◆ What the exercise asks
The full listing, returned exactly and free of pictures, is the expected answer.
Material provided Block Start
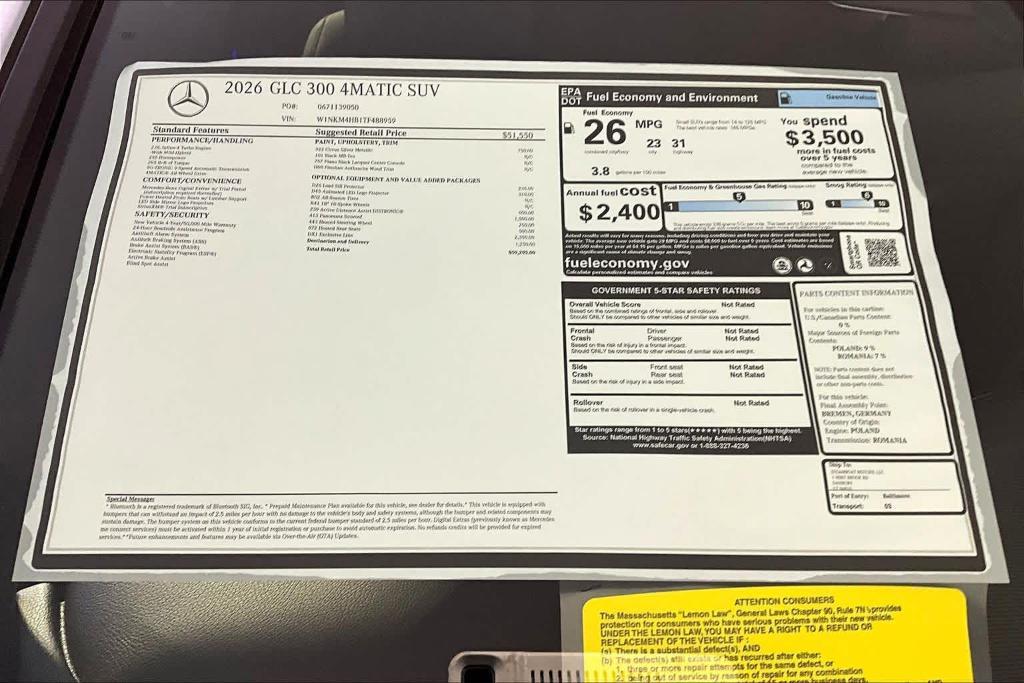 new 2026 Mercedes-Benz GLC 300 car, priced at $59,295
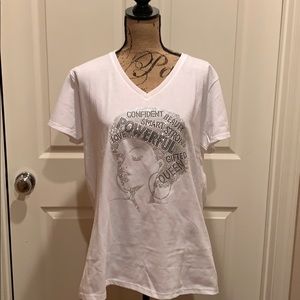 White bling graphic T-shirt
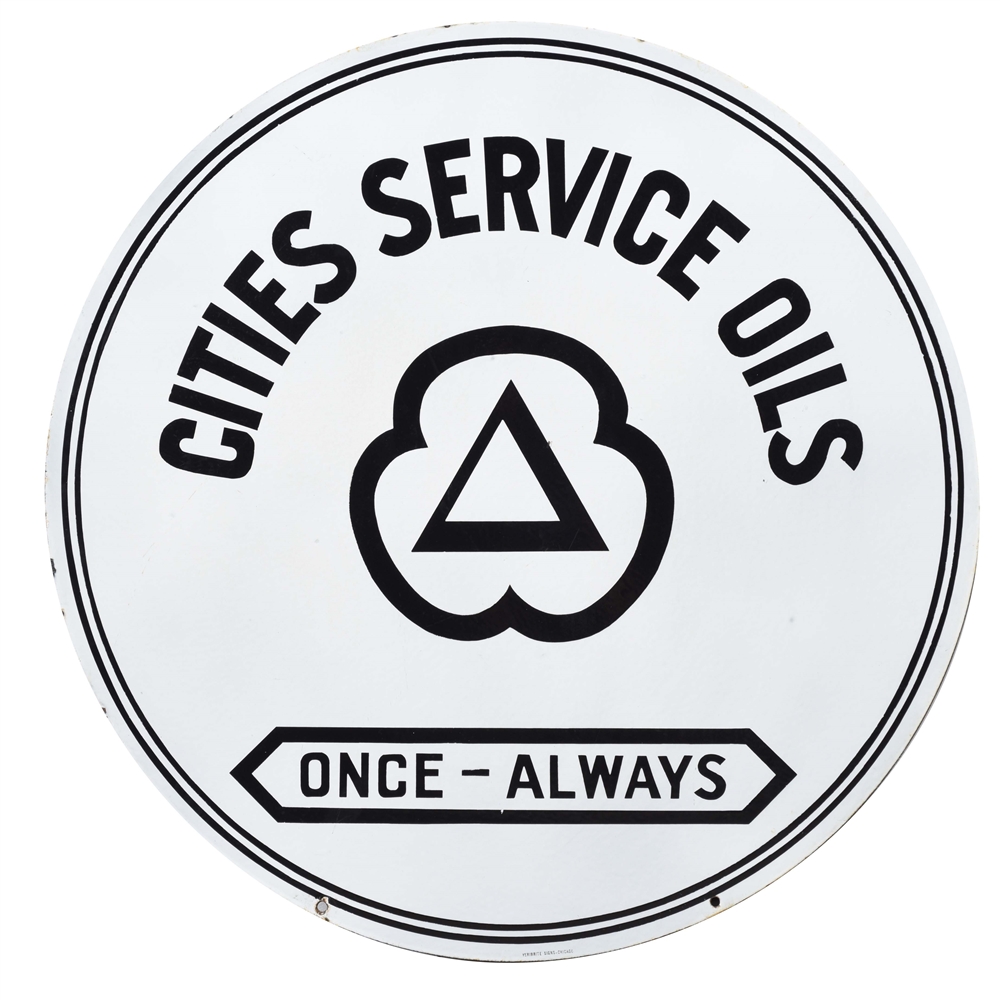 OUTSTANDING CITIES SERVICE OILS PORCELAIN SERVICE STATION SIGN.
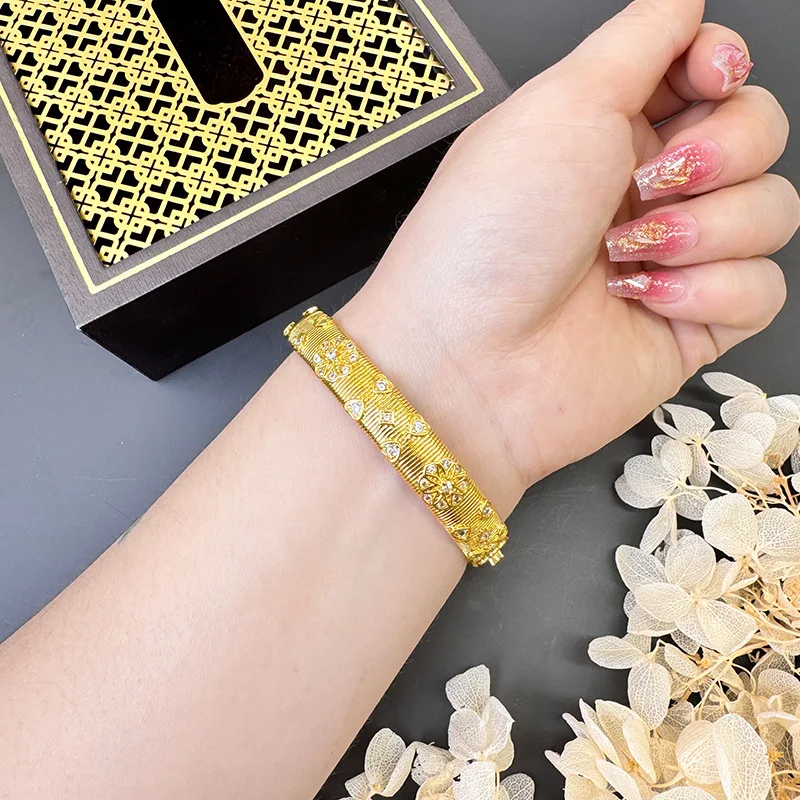 QEENKISS 24KT Gold Luxury Zircon Bracelet Bangle For Women Jewelry Wedding Party Birthday Bride Mother Girlfriend Gifts BT5334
Material provided Block End
◆ Output
 new 2026 Mercedes-Benz GLC 300 car, priced at $59,295
 White bling graphic T-shirt
 OUTSTANDING CITIES SERVICE OILS PORCELAIN SERVICE STATION SIGN.
 QEENKISS 24KT Gold Luxury Zircon Bracelet Bangle For Women Jewelry Wedding Party Birthday Bride Mother Girlfriend Gifts BT5334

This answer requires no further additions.